In the border areas especially, it became difficult or impossible for the villagers to cultivate, causing people to flee, to Thailand .The rebel armies had to face a Burmese army equipped with arms coming from China, a country that had no economic sanctions against Burma, unlike the United States and Europe.
In addition to the withdrawals from the Burmese army (forced labour, food and funds), the villagers also had to provide soldiers, food and taxes to the ethnic armies. Children were recruited. 

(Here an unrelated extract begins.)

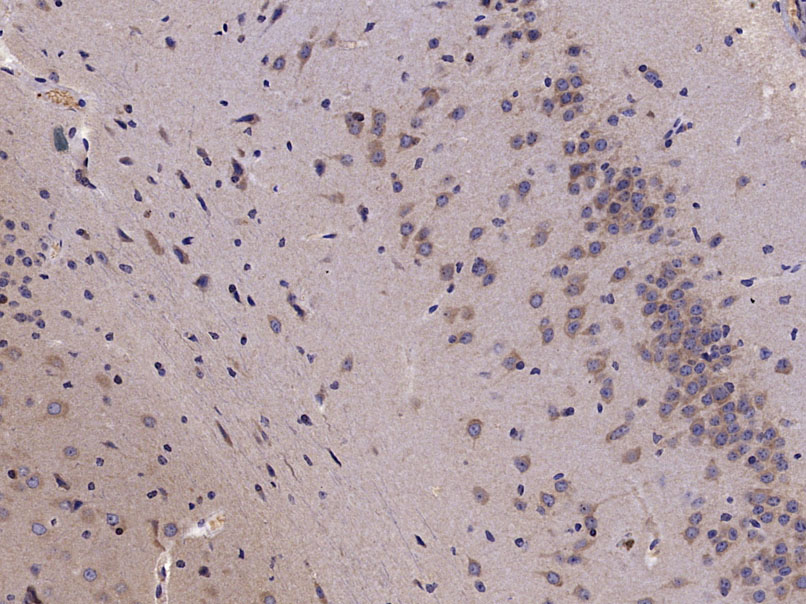 Paraformaldehyde-fixed, paraffin-embedded Mouse Brain tissue; Antigen retrieval by boiling in sodium citrate buffer (0.01M, pH6) for 15 minutes; Block endogenous peroxidase by 3% hydrogen peroxide for 30 minutes; Blocking buffer (5% BSA) at room temperature for 30 minutes; Antibody incubation with HMGCR (Ser872) Polyclonal Antibody, Unconjugated (bs-4063R) at 1:400 overnight at 4°C, followed by incubation with a conjugated secondary antibody, DAB and counterstaining.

With the objective of getting back to the border territories the government approached the rebel movements from 1990, to negotiate ceasefire agreements. Agreements were reached with 19 ethnic groups, based on commercial advantages all the more interesting as the ceasefire was concluded quickly. The Wa, the first to negotiate, were able to keep their weapons and army, continue the production and marketing of opium and amphetamines. The conditions were then less «advantageous», but most groups kept their weapons and had the right to levy taxes or exploit natural resources: on the one hand these groups kept powerful armies, on the other hand, these agreements pushed them to over-exploit resources to bring in foreign exchange.

Other agreements showed the government’s desire to divide and conquer: the Buddhist Karen (BDKA) who later signed, were able to keep their weapons and continue to tax imported goods, in exchange for what they had to support the Burmese army against the Christianized Karen. Between 1996 and 2011, the pressure on ethnic groups intensified again: more than 3,700 villages in the eastern part of the country were destroyed by the Burmese army and more than one million displaced people.